During Hurricane Helene, this water-side community was knee-deep in flooding.
Unfortunately, that, paired with the many driveways full of golf carts and cars, was believed to be the fatal mix for one man in the Windmill Village community.
WINK News reporter Maddie Herron spoke to many neighbors off-camera who knew the man, Tom, and they said his death is too raw to process.
One neighbor said, “This kind of drives it home. I mean, when somebody loses a life, everything else is okay. You know, you can fix it. And this is tragic. I mean, this is the ultimate problem.”
The storm claimed one man’s life after a fire tore through his home in the Windmill Village in Punta Gorda Friday morning.
Lithium-ion batteries and salt water are what some would call “A ticking time bomb.”
A dangerous mix Charlotte County Fire and EMS believe caused this raging fire in the wake of flooding from Hurricane Helene.
“Unfortunately, Tom tried to put it out, and he lost his life doing it,” said the neighbor. “Lithium-ion batteries do not mix with salt water, and everybody’s got lithium batteries, either golf carts, power tools, e-bikes, and, I mean, it’s just a shame, and once they catch on fire, you can’t put them out.”

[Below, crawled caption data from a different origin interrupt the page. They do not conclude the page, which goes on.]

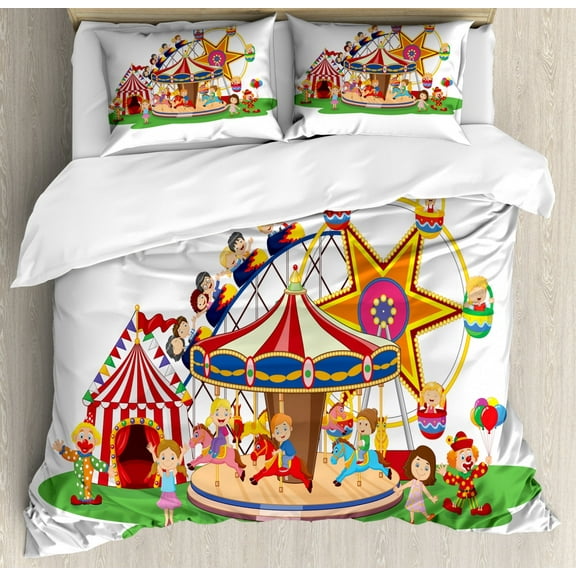 Circus Duvet Cover Set Queen Size, Childish Graphic of Cartoon Amusement Park Tent Clowns Children Ferris Wheel, Decorative 3 Piece Bedding Set with 2 Pillow Shams, White Multicolor, by Ambesonne
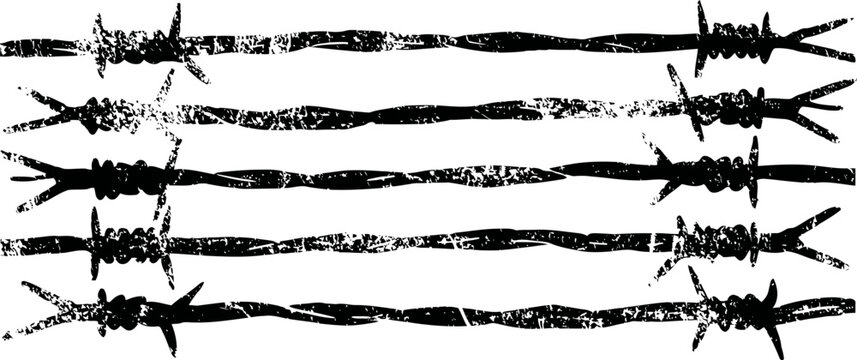 Grunge black barbed wire horizontal border with sharp spikes isolated on white background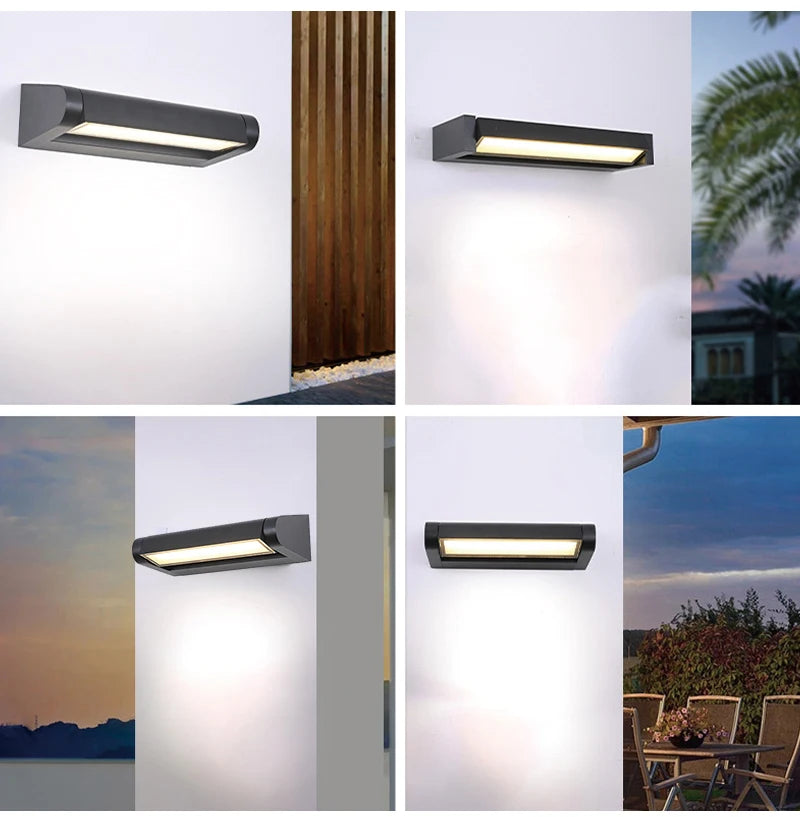 Outdoor Wall Light LED 350Adjustable Angle Waterproof Wall Lamp Aluminium Garden Porch Home Balcony Home Decor Lighting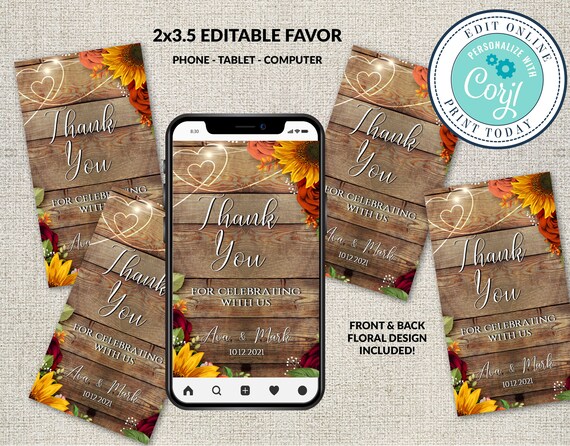 Thank You Favor Tag Template, Editable Thank You Tag, Shower Tag Printable, Instant Download, Personalized, Rustic Fall Sunflowers Roses Il_570xn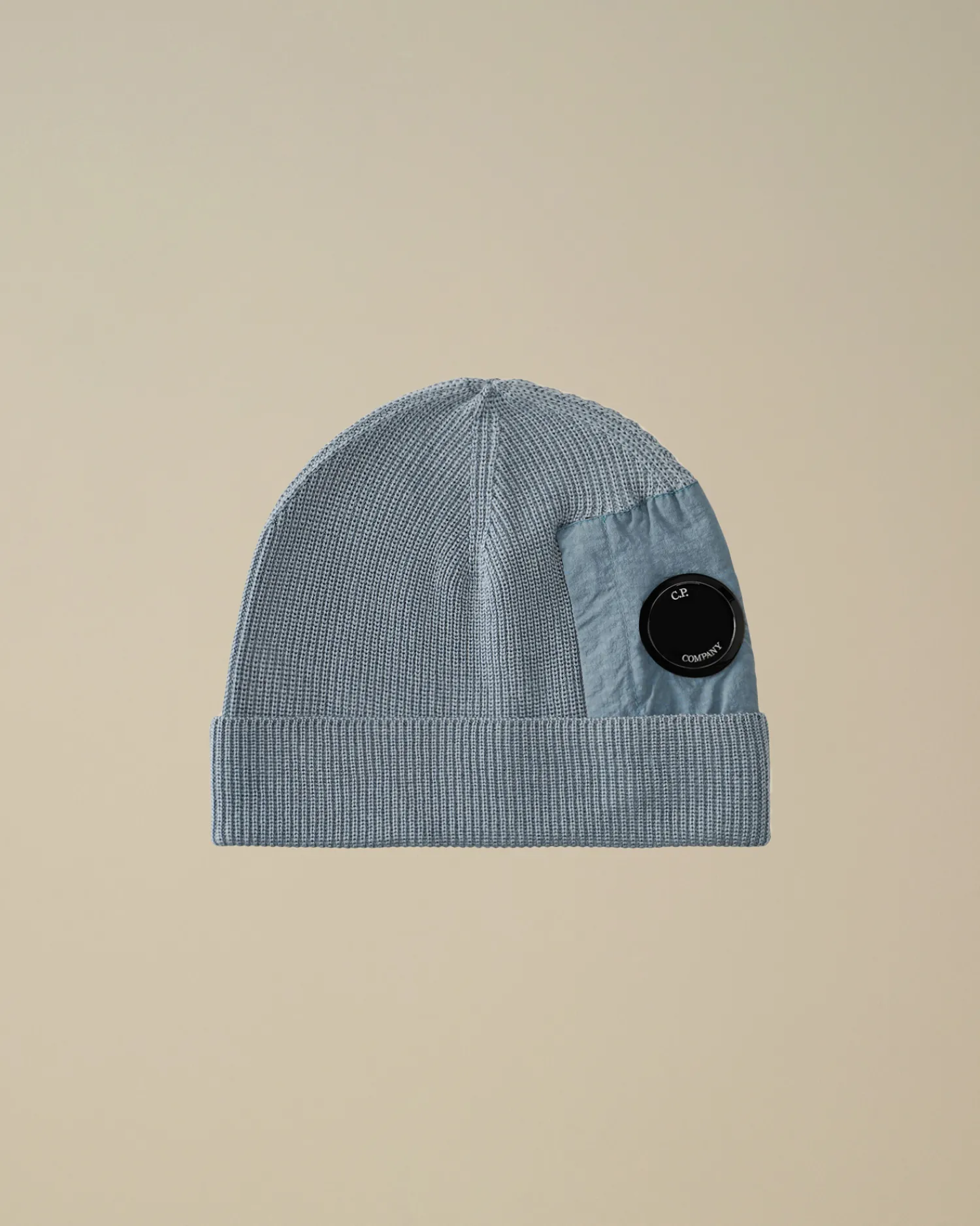 C.P. Company Cappelli>Extrafine Merino Wool Lens Beanie Flint Stone – Blue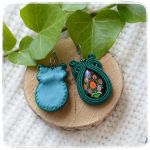 Kolczyki sutasz soutache Folk zielone green - Folkowe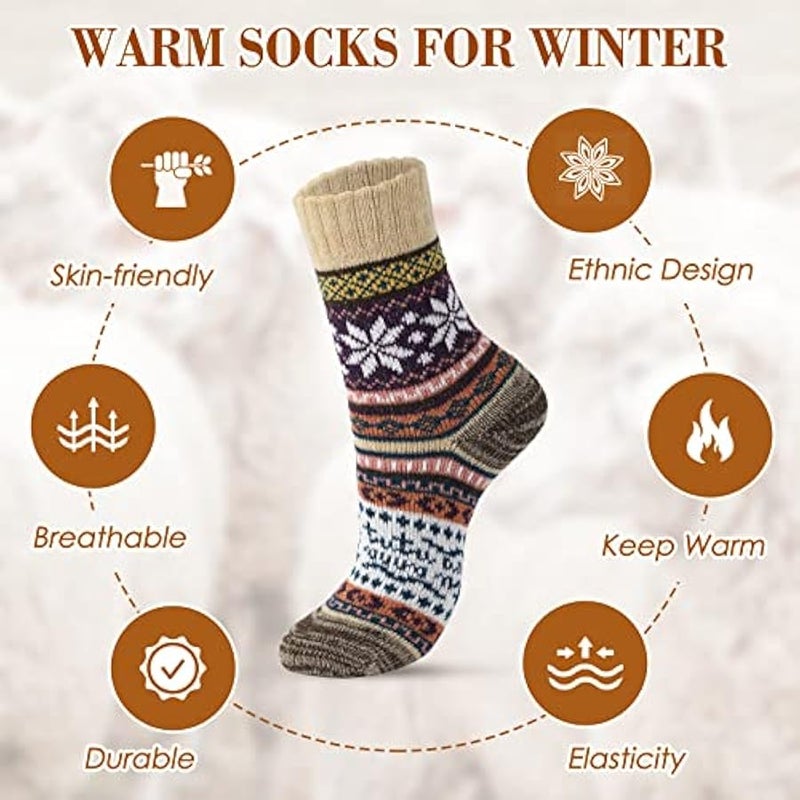 Loquat Wool Socks - Winter Warm Wool Socks for Women, Vintage Soft Cozy Socks, Thick Knit Boots Socks for Women Men - Image 4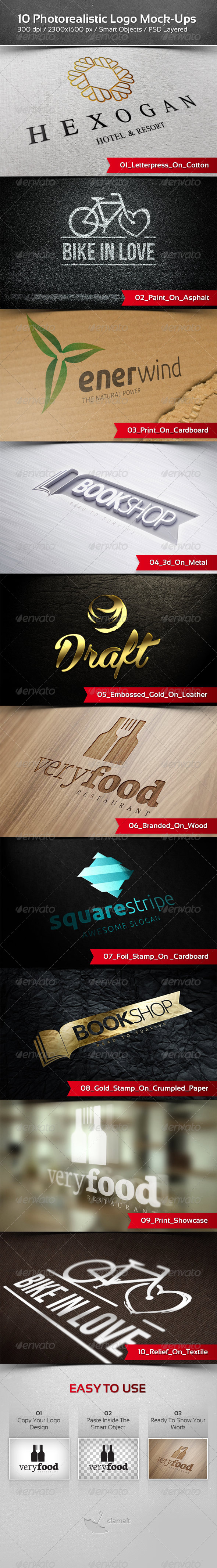 10 Photorealistic Logo Mock-Ups - Product Mock-Ups Graphics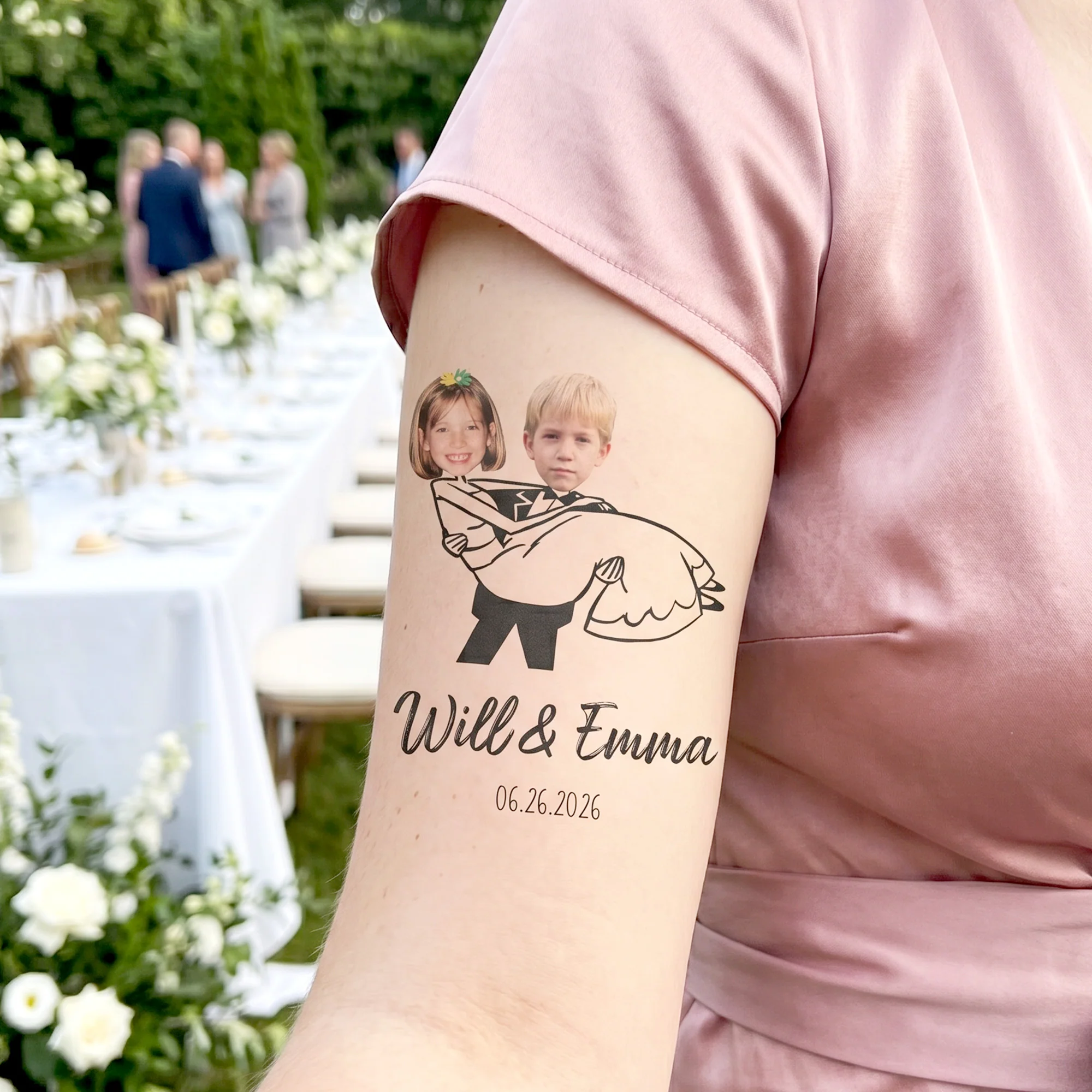 Custom Face Wedding Temporary Tattoos Wedding Party Favors - Personalized Tattoo - Image 4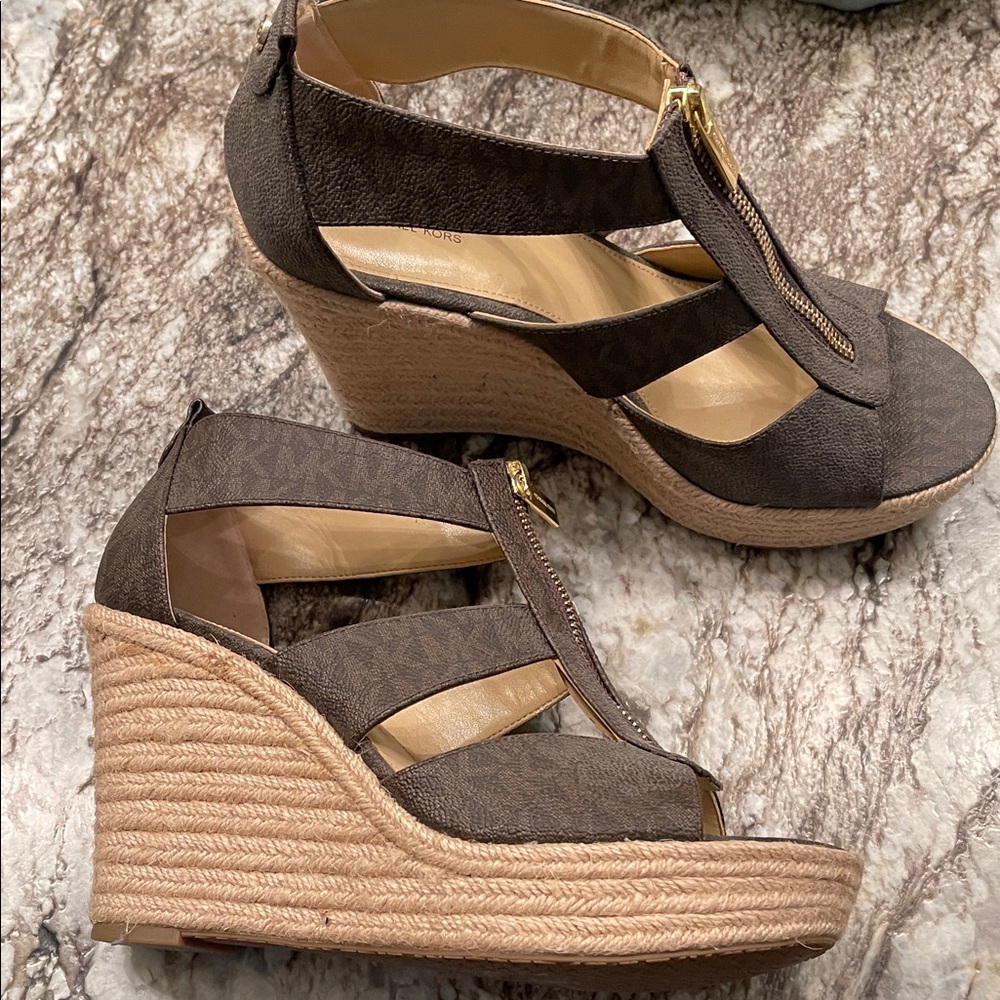 Michael Kors Brown Logo Espadrille Wedge Sandals with Front Zip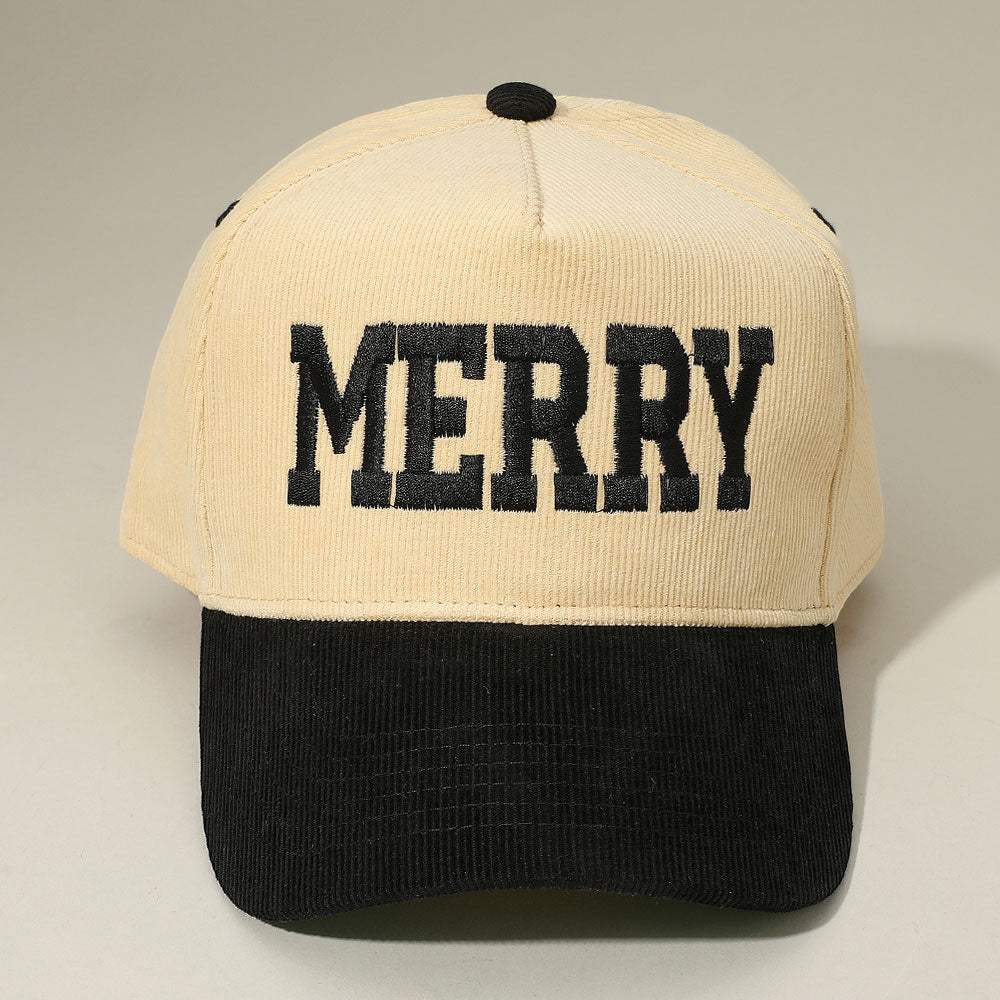MERRY Message Embroidered Corduroy Baseball Cap - Madeline Love - Flyclothing LLC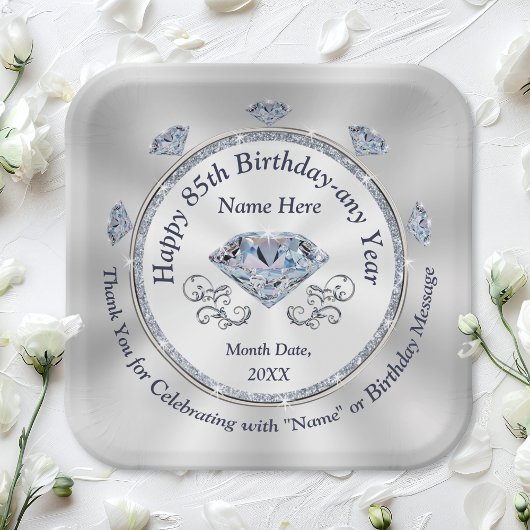 Diamond themed, 85th Birthday Plates, Personalized Pappteller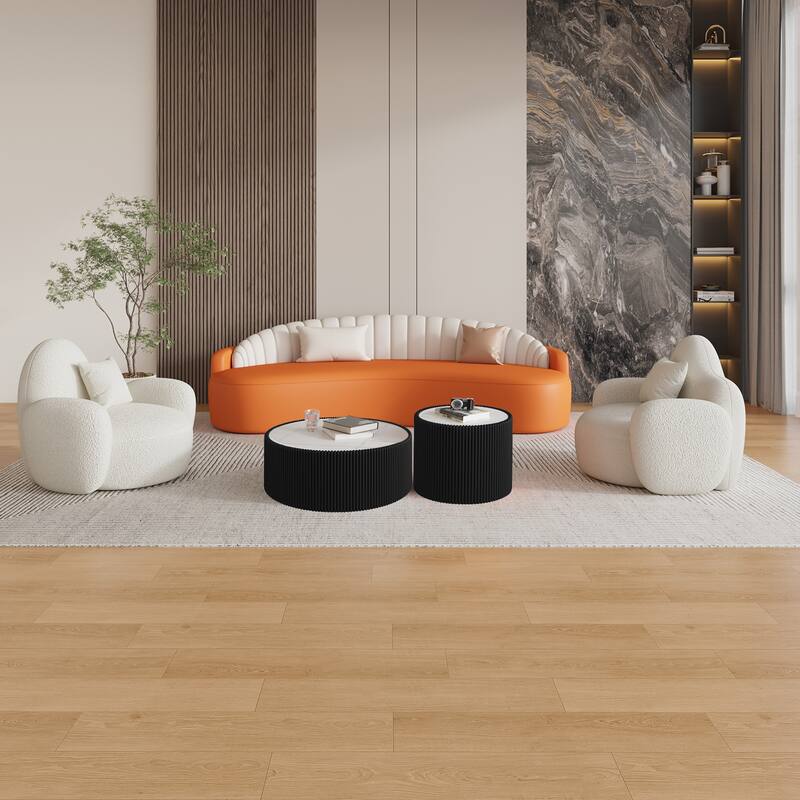 Light Sintered Stone Cylinder Leather Coffee Table - Unique Gold Accent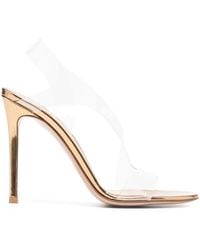 Gianvito Rossi - Metallic-Effect Heeled Sandals - Lyst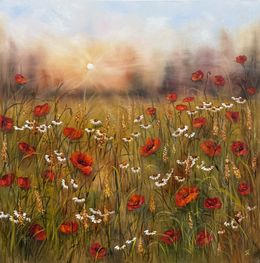 Painting, Sunlit Serenade of Poppies, Tanja Frost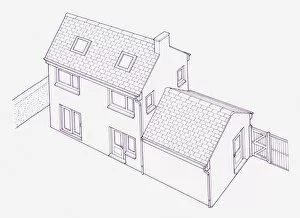 Blueprint illustration of house with extension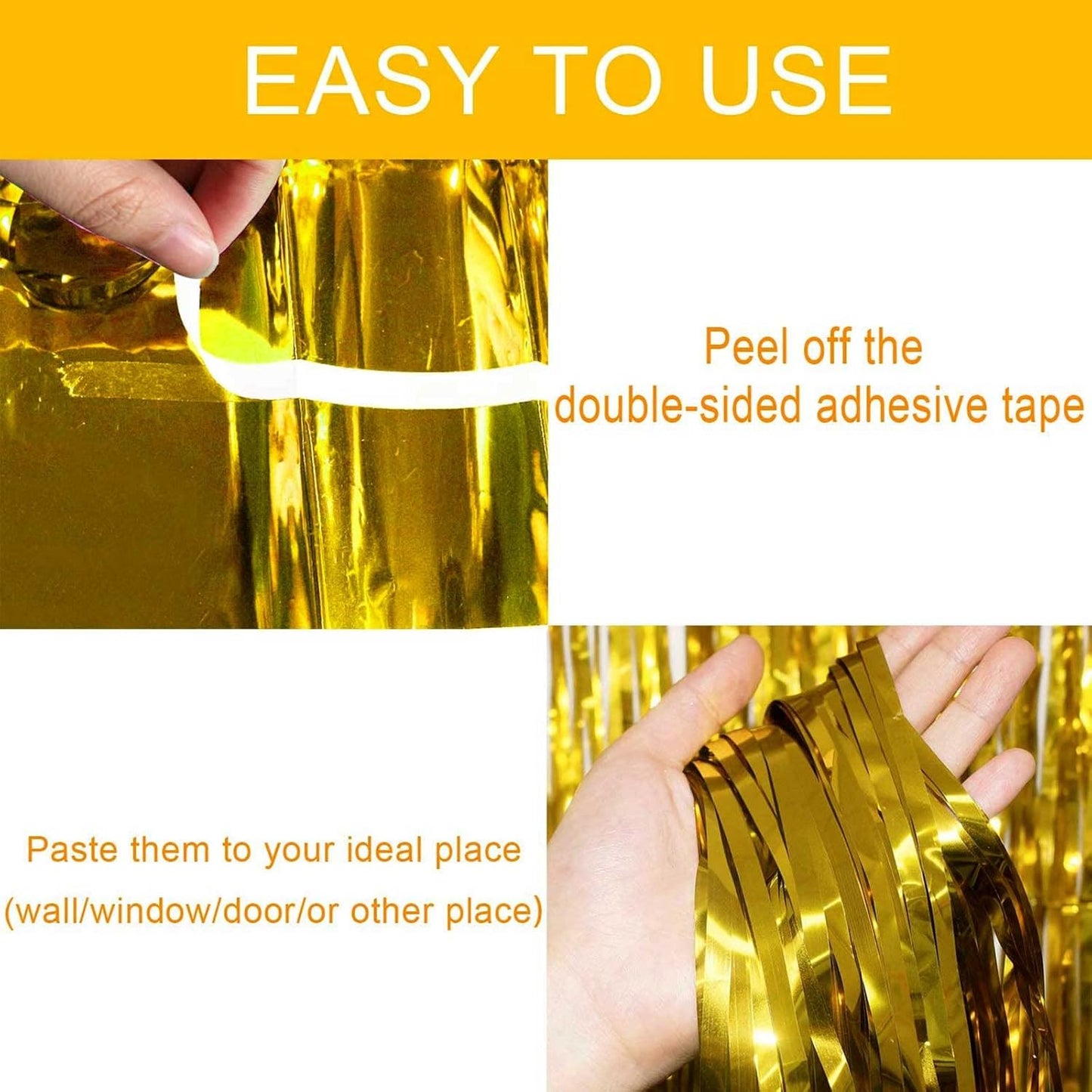 4 Pack Gold Foil Fringe Curtain Backdrop, 3.28Ft x 6.56Ft Metallic Tinsel Foil Fringe Streamers Curtains for Photo Booth, Wedding, Thanksgiving, Birthday, Christmas, Halloween Party Decoration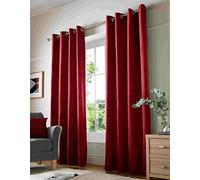 Alan Symonds Curtains Eyelet Ring Top Fully Lined, Chenille Polyester, Red, 66 x 90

Sophia Pringle works as a nurse aide down the street. She knew the man as a kind, familiar face in the neighborhood.
“Nobody couldn’t save him. It’s so sad because he was a good man,” said Pringle. “He just was a humble man, and he used to be a go-getter. He didn’t ask nobody for nothing. He just did his own thing for him to lose his life like that. It was sad, devastating.”
Since Helene, the neighborhood continues to face broken boats, cars, and homes, but no damage compares to losing a life.
The state fire marshal is still investigating to determine the exact cause of the fire.
This neighborhood continues to grieve the loss of one of their own, as they themselves have to pick up their own pieces of damage left by the storm.